GLUE list

Natural language processing (NLP) is mainly natural language understanding (NLU) and natural language generation (NLG). The nine tasks of GLUE (General Language Understanding Evaluation) involve multiple tasks such as natural language inference, text entailment, sentiment analysis, and semantic similarity. Well-known models such as BERT, XLNet, RoBERTa, ERINE, T5, etc. will be tested on this benchmark.

List address: GLUE Benchmark

CoLA: Sentences are grammatical and ungrammatical, with 0 indicating ungrammatical and 1 indicating grammatical.

SST-2: Sentiment Classification, Positive Sentiment and Negative Sentiment Binary Classification

MRPC: Semantic Equivalent Binary Classification

STS-B: Sentence Meaning Similarity Score [0,5]

QQP: Sentence pairs are equivalent to binary classification

MNLI: Three classifications of sentence-to-premise and hypothetical relations: entailment, contradiction, and neutrality

QNLI: Whether the question and the sentence contain two categories

RTE: Does the sentence pair imply binary classification?

WNLI: Does the sentence pair imply binary classification?

1. CoLA dataset

CoLA (The Corpus of Linguistic Acceptability, language acceptability corpus), single sentence classification task, the corpus comes from books and journals of language theory.

Number of samples: 8,551 in the training set, 1,043 in the development set, and 1,063 in the test set.

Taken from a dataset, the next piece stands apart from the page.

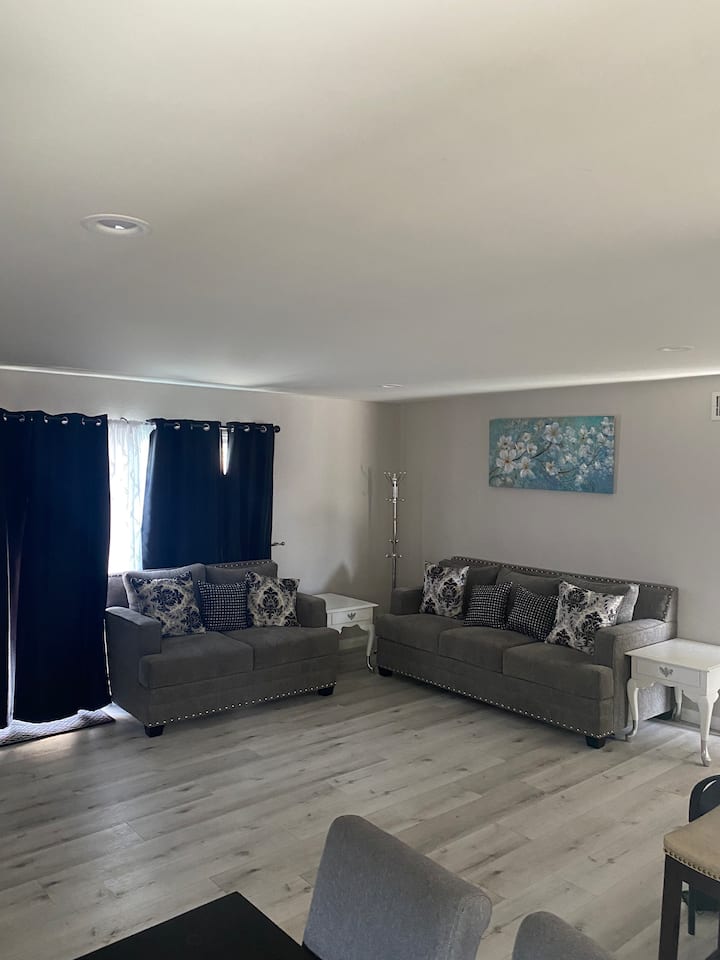 La Casa Gris - Chula Vista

Task: The sentence is grammatical and ungrammatical, 0 means it is not grammatical, and 1 means it is grammatical

The evaluation index is: MCC (Matthews correlation coefficient, a binary evaluation index used when the distribution of positive and negative samples is very uneven)

 train.tsv has the same data format as dev.tsv and is divided into 4 columns. The first column of data, such as gj04, bc01, etc. represent the source of each text data, that is, the publication code; the second column of data, 0 or 1, represents whether the grammar of each text data is correct, 0 means incorrect, 1 means correct; The third column of data, '', is the author's initial positive and negative sample mark, which has the same meaning as the second column, '' means incorrect; the fourth column is the text sentence marked whether the grammatical usage is correct or not.

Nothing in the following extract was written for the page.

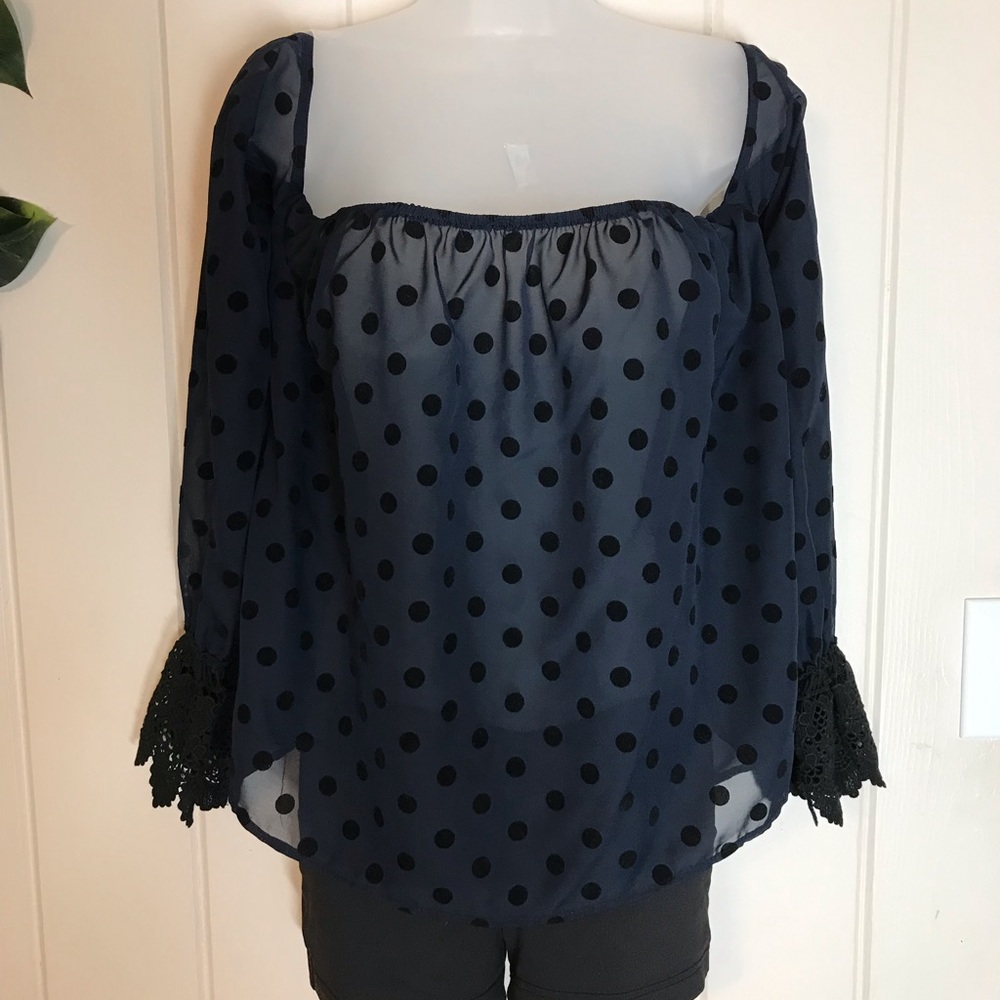 Ciel Black Polka Dots Black Polyester Off Cold Shoulder Thick Eyelet Cuff Blouse - Picture 4 of 16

The data content in test.tsv is divided into 2 columns. The first column of data represents the index of each text data; the second column of data represents the sentences used for testing.

2. SST-2 data set

SST-2 (The Stanford Sentiment Treebank, Stanford Sentiment Treebank), a single sentence classification task, contains human annotations of sentences in movie reviews and their sentiments.

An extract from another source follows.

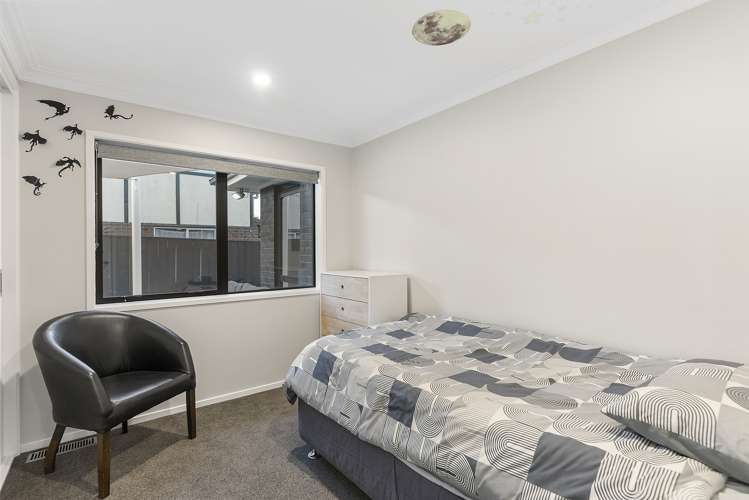 5 Everingham Place Sunnyhills_13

Number of samples: 67,350 training sets, 873 development sets, and 1,821 test sets.

Task: sentiment classification, positive sentiment (labeled as 1) and negative sentiment (labeled as 0)

The evaluation index is: accuracy

train.tsv is divided into 2 columns, the first column of data represents the comment text with emotional color; the second column of data, 0 or 1, represents each text data is a positive or negative comment, 0 represents negative, 1 represents positive.

 

 test.tsv is divided into 2 columns, the first column of data represents the index of each text data; the second column of data represents the sentences used for testing.

 3. MRPC data set

MRPC (The Microsoft Research Paraphrase Corpus, Microsoft Research Paraphrase Corpus) is a corpus of sentence pairs automatically extracted from online news sources, and manually annotated whether the sentences in the sentence pairs are semantically equivalent. Class imbalance, 68% positive samples.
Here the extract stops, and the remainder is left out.